_Requirement_.
Copy out all of the data word for word. Omit every picture.

_Data supplied_.
_____

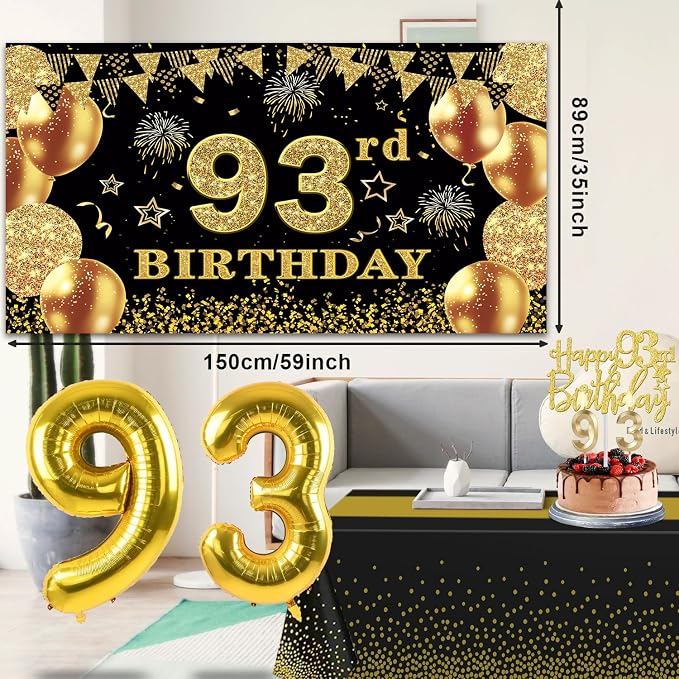 93rd Birthday Decorations Men Women with 93rd Birthday Banner, Black and Gold Table Cloth, Number Balloons, Sash, Cake Topper and Candles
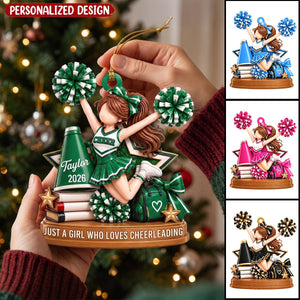 Custom Cheerleader Girl Ornament, Cheerleader Christmas Ornament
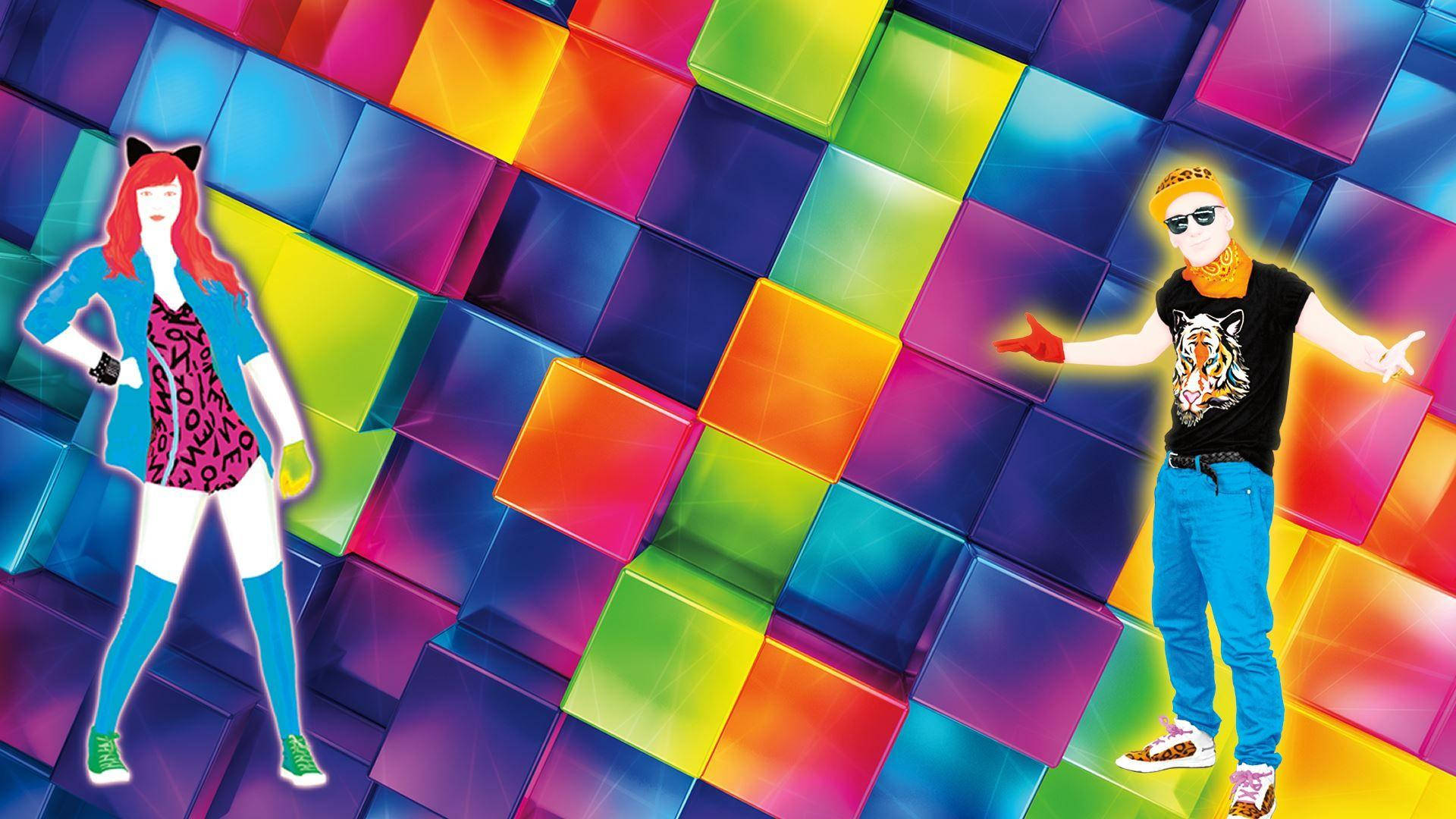 Just Dance, colorful blocks, glowing multicolored cubes, Full HD Desktop Wallpaper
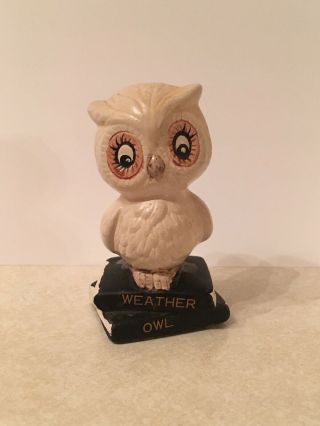 Vintage J.  S.  N.  Y Taiwan Ceramic Weather Owl On Books 3.  25”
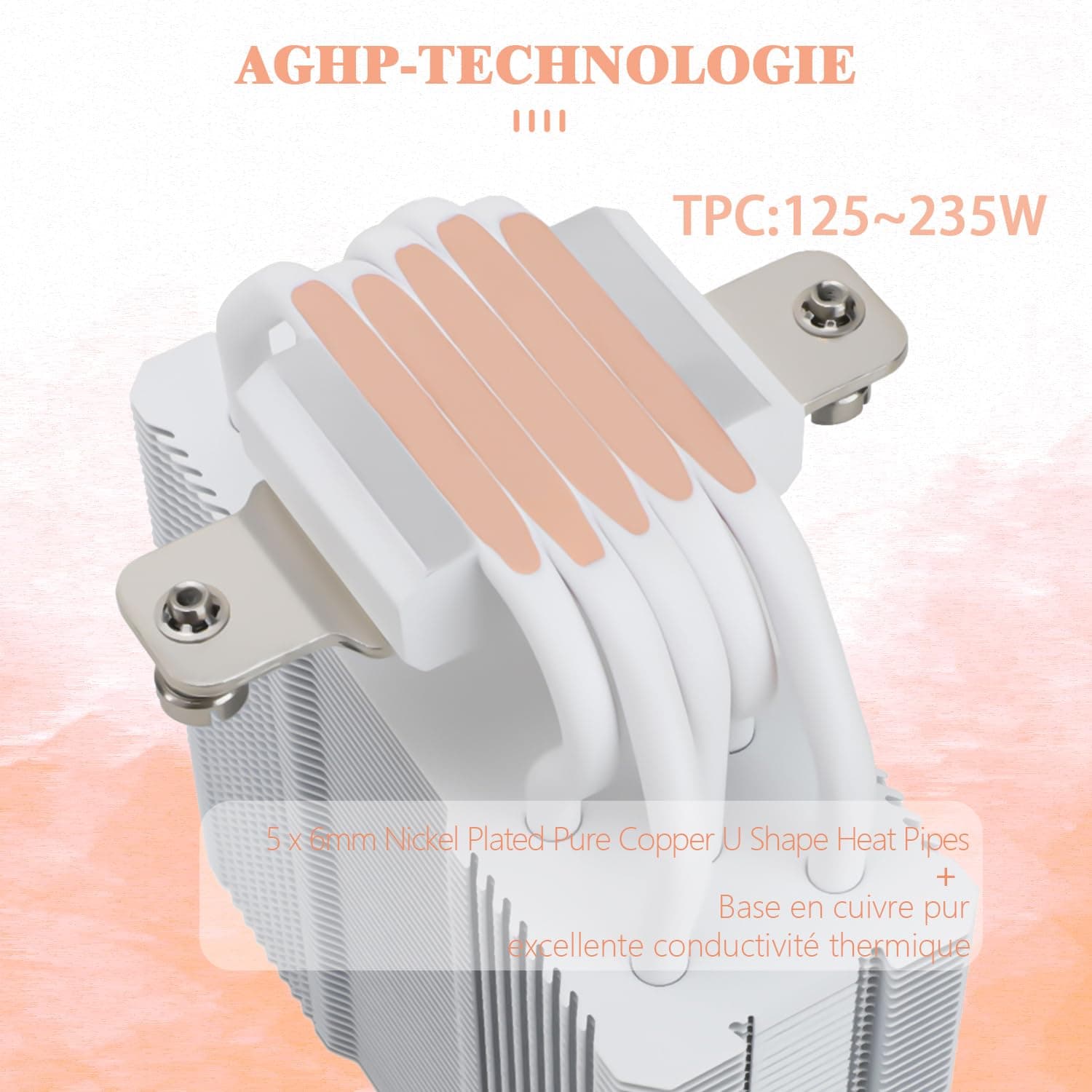 TR Assassin King 120 SE White ARGB CPU-Luftkühler, 5 Heatpipes, TL-C12CW-S PWM Leiser CPU-Kühler, für AMD AM4 AM5/Intel 1151/1150/1200/1700 Bild 4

_____

_Response to the exercise_.
 93rd Birthday Decorations Men Women with 93rd Birthday Banner, Black and Gold Table Cloth, Number Balloons, Sash, Cake Topper and Candles
 Custom Cheerleader Girl Ornament, Cheerleader Christmas Ornament
 Just Dance, colorful blocks, glowing multicolored cubes, Full HD Desktop Wallpaper
 Vintage J.  S.  N.  Y Taiwan Ceramic Weather Owl On Books 3.  25”
 TR Assassin King 120 SE White ARGB CPU-Luftkühler, 5 Heatpipes, TL-C12CW-S PWM Leiser CPU-Kühler, für AMD AM4 AM5/Intel 1151/1150/1200/1700 Bild 4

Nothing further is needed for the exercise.